Back in 2014, I wrote a column asking my leftist friends two very serious questions. And I often repeat these questions when debating proponents of bigger government.
- Can you name a nation that became rich with statist policies?
- Can you name a nation that with interventionism and big government that is out-performing a similar nation with free markets and small government?
I’ve yet to receive a good answer to either question. Many leftists point to certain European welfare states, but I debunk that claim by pointing out that those nations became rich when government was very small (about 10 percent of GDP, about one-half the size of the current Hong Kong and Singapore public sectors).
Others point to rapid growth in China, but that’s rather silly since improvements in that country’s economy are the result of partial liberalization. In any event, it’s not that difficult to have rapid growth rates when starting from a very low level. But even with a couple of decades of good growth, living standards in China are still relatively low.
So my challenge remains. I want a leftist (or anybody) to identify a successful statist nation, but I’m not holding my breath for good answers.
Yet even though the real-world evidence against big government is so strong, it’s rather baffling that many young people are drawn to that coercive ideology and disturbing that a non-trivial number of voters favor this failed form of statism.
The London-based Institute for Economic Affairs has released a video on the false allure of socialism.
I suppose a caveat might be appropriate at this stage.
Socialism has a technical definition involving government ownership of the means of production and central planning of the economy.

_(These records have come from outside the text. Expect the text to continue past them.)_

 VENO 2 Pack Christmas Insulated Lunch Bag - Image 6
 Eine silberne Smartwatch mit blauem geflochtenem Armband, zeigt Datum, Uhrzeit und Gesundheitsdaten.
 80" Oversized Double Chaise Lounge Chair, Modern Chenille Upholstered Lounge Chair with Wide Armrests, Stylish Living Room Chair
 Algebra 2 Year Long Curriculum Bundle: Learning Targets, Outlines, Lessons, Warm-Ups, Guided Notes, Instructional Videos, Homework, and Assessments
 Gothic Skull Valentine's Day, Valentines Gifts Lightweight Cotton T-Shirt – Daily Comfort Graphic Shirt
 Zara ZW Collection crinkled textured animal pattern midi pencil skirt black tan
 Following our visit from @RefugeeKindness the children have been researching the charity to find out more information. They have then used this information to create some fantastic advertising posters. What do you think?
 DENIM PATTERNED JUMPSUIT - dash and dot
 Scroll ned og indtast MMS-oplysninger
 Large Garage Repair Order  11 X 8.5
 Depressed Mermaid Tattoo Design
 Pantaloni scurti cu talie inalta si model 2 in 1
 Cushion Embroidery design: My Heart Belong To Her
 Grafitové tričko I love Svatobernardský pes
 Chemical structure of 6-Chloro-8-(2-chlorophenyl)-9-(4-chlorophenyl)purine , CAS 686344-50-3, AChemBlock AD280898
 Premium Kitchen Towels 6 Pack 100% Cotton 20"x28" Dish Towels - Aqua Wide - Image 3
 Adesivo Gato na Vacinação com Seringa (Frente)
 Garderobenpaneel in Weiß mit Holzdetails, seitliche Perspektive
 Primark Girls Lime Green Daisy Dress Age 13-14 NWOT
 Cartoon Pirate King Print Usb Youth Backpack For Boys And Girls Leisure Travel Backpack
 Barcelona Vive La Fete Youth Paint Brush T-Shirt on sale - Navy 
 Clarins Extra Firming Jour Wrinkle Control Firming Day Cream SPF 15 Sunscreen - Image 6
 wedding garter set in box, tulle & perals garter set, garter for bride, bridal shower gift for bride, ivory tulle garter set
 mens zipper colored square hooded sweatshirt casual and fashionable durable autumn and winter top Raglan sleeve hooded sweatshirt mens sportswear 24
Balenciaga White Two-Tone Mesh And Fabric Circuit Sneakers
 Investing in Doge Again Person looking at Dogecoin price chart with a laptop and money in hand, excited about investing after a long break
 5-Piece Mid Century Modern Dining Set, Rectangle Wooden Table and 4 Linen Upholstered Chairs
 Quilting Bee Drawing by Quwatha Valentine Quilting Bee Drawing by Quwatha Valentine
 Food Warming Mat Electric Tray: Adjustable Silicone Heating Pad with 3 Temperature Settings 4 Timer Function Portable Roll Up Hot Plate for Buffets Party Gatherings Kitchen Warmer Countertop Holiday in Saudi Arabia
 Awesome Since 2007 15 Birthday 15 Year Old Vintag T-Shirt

But most people today think socialism is big government, with business still privately owned but with lots of redistribution and intervention (I’ve argued, for instance, that even Bernie Sanders isn’t a real socialist, and that there are big differences between countries like Sweden, China, and North Korea).
For what it’s worth, that’s actually closer to the technical definition of fascism. But I guess I’m being pedantic by wanting more precision in how terms are used.